Best Medication for Terminal Restlessness in Hospice Patients
Midazolam is the first-line medication for terminal restlessness in hospice patients due to its rapid onset, multiple administration routes, and proven efficacy in palliative sedation. 1, 2
Understanding Terminal Restlessness
Terminal restlessness is a common end-of-life symptom affecting 25-88% of dying patients, characterized by agitation, confusion, and increased motor activity in the final hours or days of life 3. It significantly impacts patient comfort and family distress.
Medication Selection Algorithm
First-Line Treatment: Benzodiazepines
- Midazolam:
- Preferred agent due to:
- Rapid onset of action
- Water-soluble, short-acting properties
- Multiple administration routes (IV, SC)
- Can be co-administered with morphine or haloperidol
- Dosing:
- Starting dose: 0.5-1 mg/h continuous infusion or 1-5 mg as needed
- Usual effective dose: 1-20 mg/h
- Administration: Continuous infusion preferred to maintain effect due to rapid redistribution 1
- Preferred agent due to:
Second-Line Treatment: Neuroleptics/Antipsychotics
When terminal restlessness is accompanied by delirium:
Levomepromazine (methotrimeprazine):
- Starting dose: 12.5-25 mg
- Usual effective dose: 12.5-25 mg every 8h with PRN dosing for breakthrough
- Administration: IV, SC, IM
- Added benefit: Some analgesic effect 1
Chlorpromazine:
- Starting dose: 12.5 mg every 4-12h (IV/IM) or 25-100 mg every 4-12h (rectal)
- Usual effective dose: 37.5-150 mg/day (parenteral) or 75-300 mg/day (rectal)

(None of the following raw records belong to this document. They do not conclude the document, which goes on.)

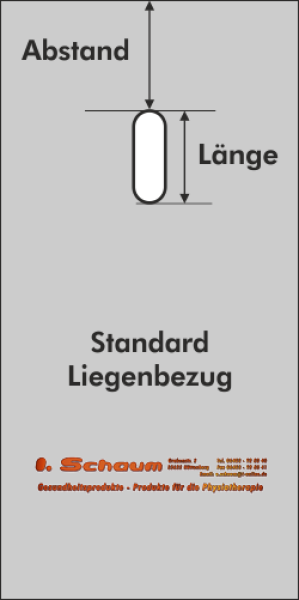 Nasenschlitz-Aussparung für Frottee-Stretch-Bezug, oval -Mehrpreis-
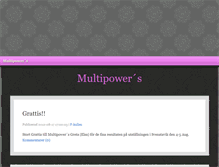 Tablet Screenshot of multipowers.blogg.se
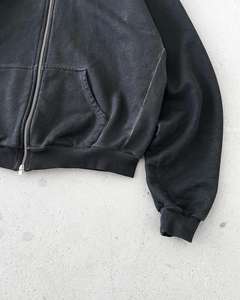 Sudadera con Capucha Personalizada Nesta Sports Designer para Hombre, 420GSM, Algodón French Terry, Cierre de Cremallera, Camuflaje, Lavado Ácido, Estilo Desgastado - Product Image 5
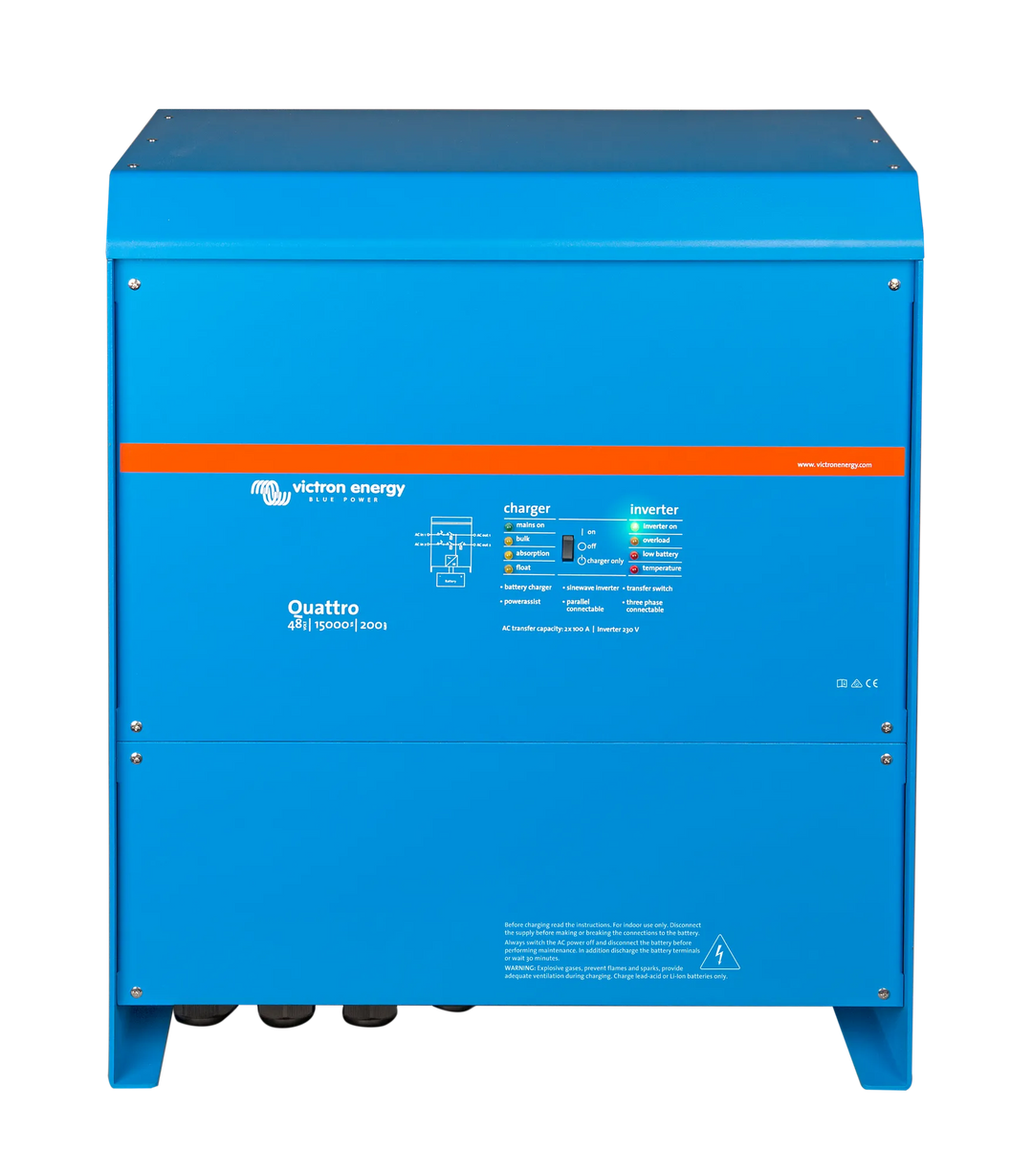 Quattro 48V 15000VA 200A front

- Widely available and can be administered through multiple routes 1
Third-Line Treatment: For Refractory Cases
When patients develop tolerance to benzodiazepines and neuroleptics:
Phenobarbital:
- Dosing: 1-3 mg/kg SC/IV bolus, followed by 0.5 mg/kg/h infusion
- Maintenance: 50-100 mg/h
- Advantage: Anticonvulsant properties 1
Propofol:
- Loading dose: 20 mg, followed by 50-70 mg/h infusion
- Consider for cases refractory to benzodiazepines and neuroleptics 4
- Requires careful monitoring due to potent sedative effects
Important Clinical Considerations
Medication Administration
- Route selection should be based on patient condition:
Monitoring and Titration
- Titrate to the minimum effective dose that provides symptom relief
- Regular assessment of sedation level and symptom control
- Adjust dosing based on breakthrough medication requirements 5
Common Pitfalls to Avoid
Misdiagnosing delirium as anxiety: Opioids or benzodiazepines as initial treatment for delirium can worsen symptoms; use antipsychotics first for delirium 1
Inadequate dosing: Terminal restlessness often requires higher doses than standard practice; don't hesitate to titrate appropriately 5
Abrupt discontinuation: Avoid sudden withdrawal of benzodiazepines to prevent rebound agitation 1
Neglecting non-pharmacological approaches: Consider complementary approaches like presence of family members, calming environment, and even robotic pets in appropriate cases 6
Family Support
- Explain that medications for symptom relief are unlikely to shorten the patient's life
- Provide regular updates about the patient's condition
- Encourage family presence when appropriate 5
Conclusion
While midazolam is the first-line medication for terminal restlessness in hospice patients, treatment should follow a stepwise approach based on symptom presentation and response. For cases with prominent delirium features, antipsychotics may be more appropriate initial therapy. For refractory cases, barbiturates or propofol provide effective alternatives.